Gold sand beaches, sunken treasure, and ancient ruins certainly attract a lot of people to Dvārakā, but that’s not the only reason why people come to this ancient place. Dvārakā is a holy place of pilgrimage, a dhāma , for millions of India’s faithful. In fact, confirmed by archaeological evidence or not, it hardly seems important to the millions of pilgrims who come to Dvārakā every year to pay homage to the place of Godhead’s pastimes and to worship his deity in the magnificent Dvārakādīśa Temple located at the centre of the city. According to Indian spirituality, a dhāma is a transcendental abode which, although purely spiritual, appears on Earth at the same time as the appearance of Godhead. The dhāma is thus considered the eternal residence of Godhead.

Actually, when articles appeared in Indian journals and newspapers around the country announcing the archaeological findings at Dvārakā, it scarcely got anyone’s attention. And those who did notice it had more the “I told you so” attitude than they had cause for surprise or new faith; most people in India have implicit faith in their ancient religious manuscripts and don’t really require “scientific proof” to confirm their devotional sentiments.

The faithful pilgrims who come to Dvārakā don’t doubt the existence of Godhead (whom they call Nārāyaṇa) or the fact that he manifested his appearance on Earth. They are satisfied to worship the deity in the temple and to hear the wonderful stories of when Nārāyaṇa established his residence at Dvārakā. Seeing, we say, is believing. But for the faithful pilgrims, hearing is believing.

I’m not an archaeologist, but I am a Westerner, and being a Westerner I can appreciate solid evidence, especially if it concerns spiritual subject matters. So I decided to go to Dvārakā and see what was happening. I’m glad I did.

Dvārakā can be reached by either a 24-hour train ride from Bombay or by several days’ drive in a car. Train is by far the easiest and preferred method of travel by most pilgrims. While approaching Dvārakā, the first sign of a long journey’s end is a glimpse of the large yellow flag flying from the top of the pagoda of Dvārakādīśa towering 170 feet in the sky. The temple flag can be seen at a great distance and the pilgrim’s sight of it is usually an impetus for the flow of devotional feelings. When the flag is first sighted, pilgrims offer their heartfelt prayers with folded hands or by bowing down their head.

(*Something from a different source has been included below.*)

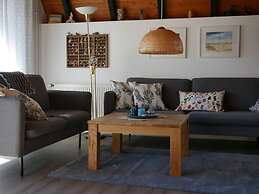 Long Comfortable Holiday Residence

The pagoda of Dvārakādīśa is the tallest building in Dvārakā, being 17 stories high. Its light at night is also easily visible for ships at sea where for many centuries sailors have used it as an important landmark, a guiding light in more ways than one. The detail of the sculpture which covers the outer structure and the gold kalaśa (spire) at the top is itself worth a trip around the world to see.

As I approached Dvārakā by train I remembered those first travellers from the West such as Marco Polo, who saw the great pagodas like the ones at Konark, Mahabalipuram, and Srirangam, and I wondered what they must have thought. I was, to say the least, impressed.

Upon reaching the city, it is first necessary to secure a suitable lodging. There are many hotels and guesthouses that provide exceptionally good facilities for visitors and pilgrims at very reasonable rates. A double room with vegetarian meals runs about $2.50 per day. Air conditioning, required for most of the year, is $1.00 extra. After checking into their room, the first thing most pilgrims do is visit the temple for darśana, viewing the deity.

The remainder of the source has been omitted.